● ACTION ITEM
Only the lines from the one containing "Charles Robert Darwin." through the end of the entries are wanted, retyped exactly and without pictures.

—————

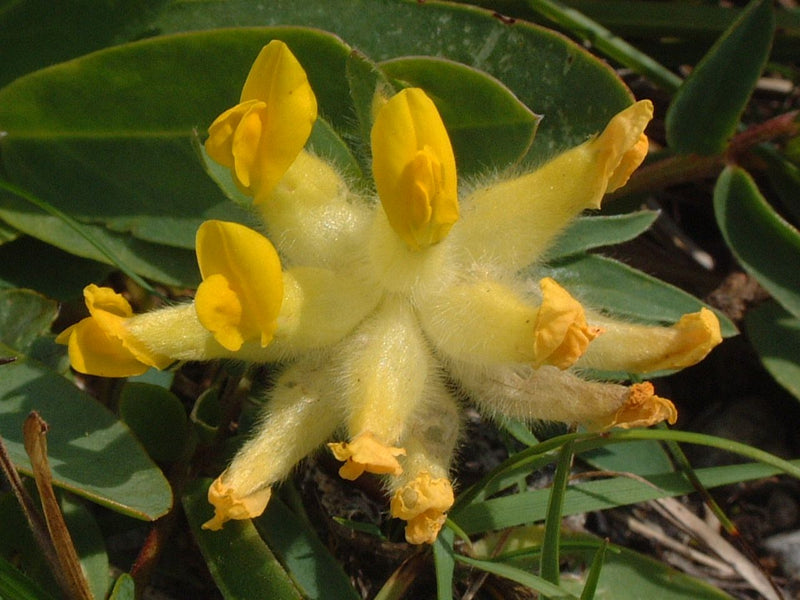 Gewöhnlicher Wundklee — Bild 5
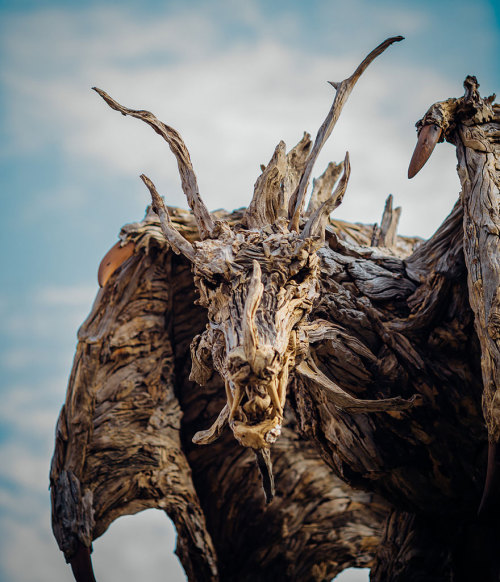 littlelimpstiff14u2: Giant Dragons Made Out Of  Driftwood By James Doran-Webb A wyvern is a fou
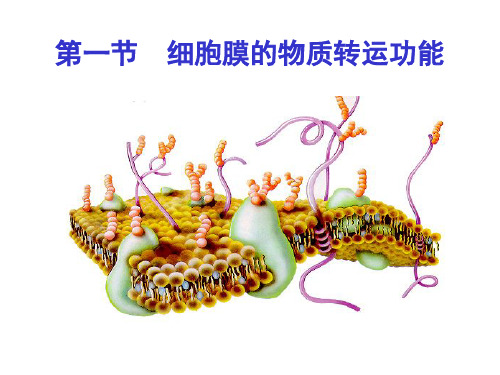 细胞跨膜转运PPT课件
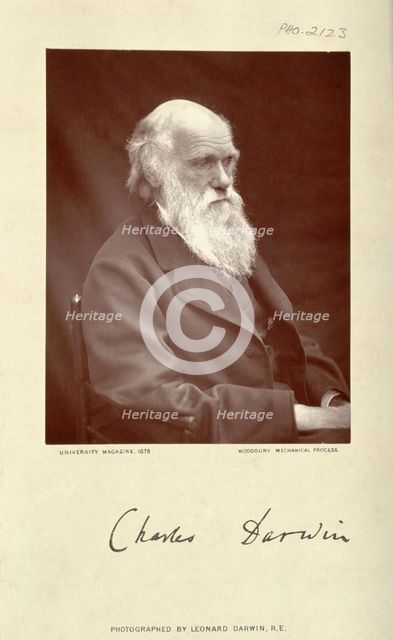 Charles Robert Darwin. Creator: Leonard Darwin.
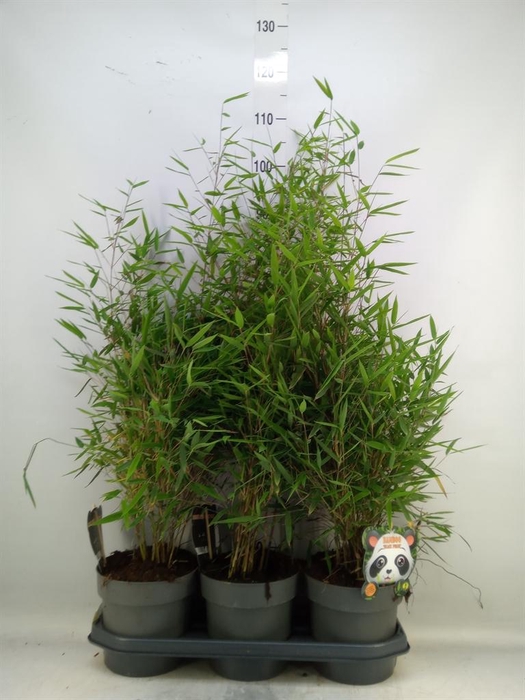 <h4>Fargesia nitida 'Black Pearl'</h4>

—————

● YOUR RESPONSE
 Charles Robert Darwin. Creator: Leonard Darwin.
 <h4>Fargesia nitida 'Black Pearl'</h4>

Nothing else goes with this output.